Lufthansa kürzt 20.000 Flüge wegen hoher Treibstoffkosten

Die Lufthansa Group reagiert auf die stark gestiegenen Kerosinpreise durch die Konflikte im Nahen Osten und streicht bis Oktober 20.000 Kurzstreckenflüge. Dadurch sollen rund 40.000 Tonnen Kerosin eingespart werden. Die Maßnahme betrifft vor allem unrentable Routen innerhalb des Lufthansa-Verbunds, zu dem auch Swiss, Austrian Airlines, Brussels Airlines und ITA Airways gehören.

Weniger Flüge, aber stabileres Netzwerk

„Passagiere haben weiterhin Zugang zum globalen Streckennetz, insbesondere zu Langstreckenverbindungen“, teilte das Unternehmen mit. „Durch die effizientere Gestaltung erreichen wir dies jedoch mit deutlich geringeren Kosten.“ Die Kerosinpreise haben sich aufgrund von Produktionsverzögerungen und Transportengpässen – darunter Störungen im Persischen Golf, der 41 % der europäischen Kerosinimporte liefert – mehr als verdoppelt. Bereits 120 Flüge wurden gestrichen, darunter Verbindungen von Frankfurt nach Bydgoszcz (Polen), Rzeszów (Polen) und Stavanger (Norwegen). Die Kürzungen gelten bis zum 31. Mai.

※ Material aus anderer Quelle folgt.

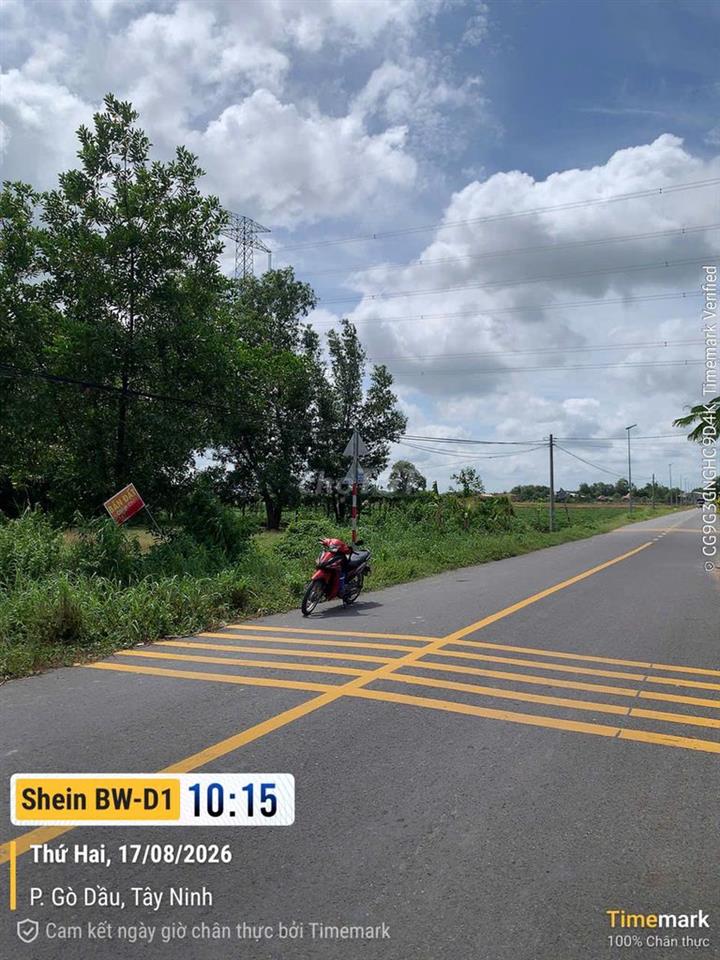 Cần bán Đất Gò Dầu- Tây Ninh 183,8m2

Umwege über große Drehkreuze

Um die Effizienz zu steigern, werden zehn Kurzstreckenverbindungen innerhalb des Lufthansa-Verbunds gestrichen und Passagiere über größere Drehkreuze umgeleitet. Betroffen sind unter anderem folgende Ziele:

  • Heringsdorf und Stuttgart (Deutschland)
  • Wrocław und Gdańsk (Polen)
  • Städte in Irland, Slowenien, Kroatien, Rumänien, Norwegen und Montenegro

Reisende müssen stattdessen über Drehkreuze wie Frankfurt, München, Zürich, Wien, Brüssel oder Rom fliegen. Betroffene Passagiere werden direkt informiert.

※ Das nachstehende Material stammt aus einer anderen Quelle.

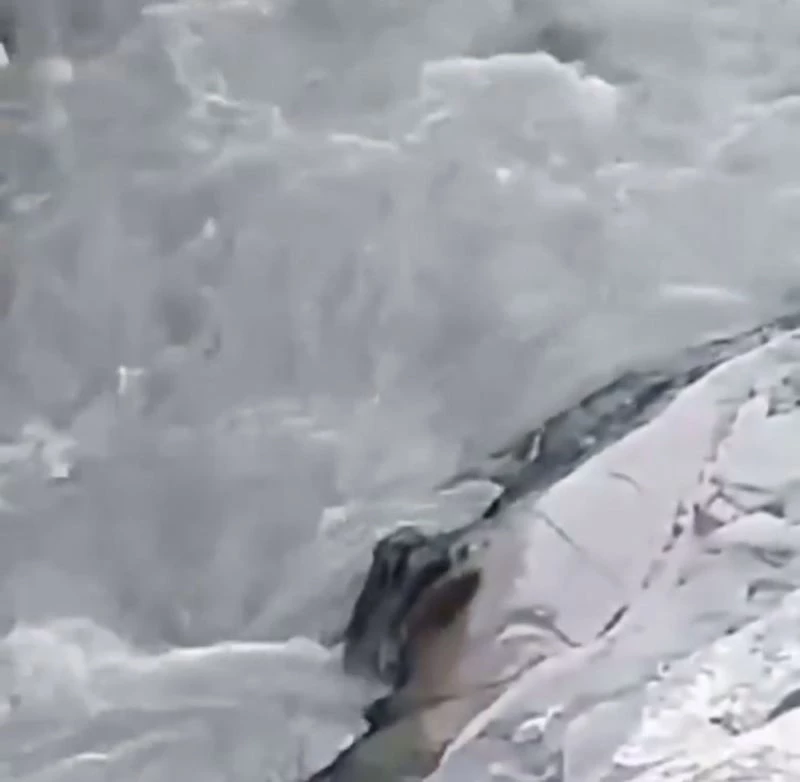 Şırnak’ta, nesli tükenme tehlikesi altında bulunan su samurları görüntülendi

Weitere Anpassungen geplant

Die Lufthansa Group kündigte an, bis Ende April oder Anfang Mai weitere Anpassungen an der Flugplanung vorzunehmen. Dabei geht es um Kapazitätsreduzierungen, darunter auch bei den Sommer-Kurzstreckenflügen. Trotz der Kürzungen sichert das Unternehmen eine stabile Treibstoffversorgung für die geplanten Flüge im Sommer zu. Dazu gehören Maßnahmen wie der Abschluss von Treibstofflieferverträgen und Preisabsicherungen.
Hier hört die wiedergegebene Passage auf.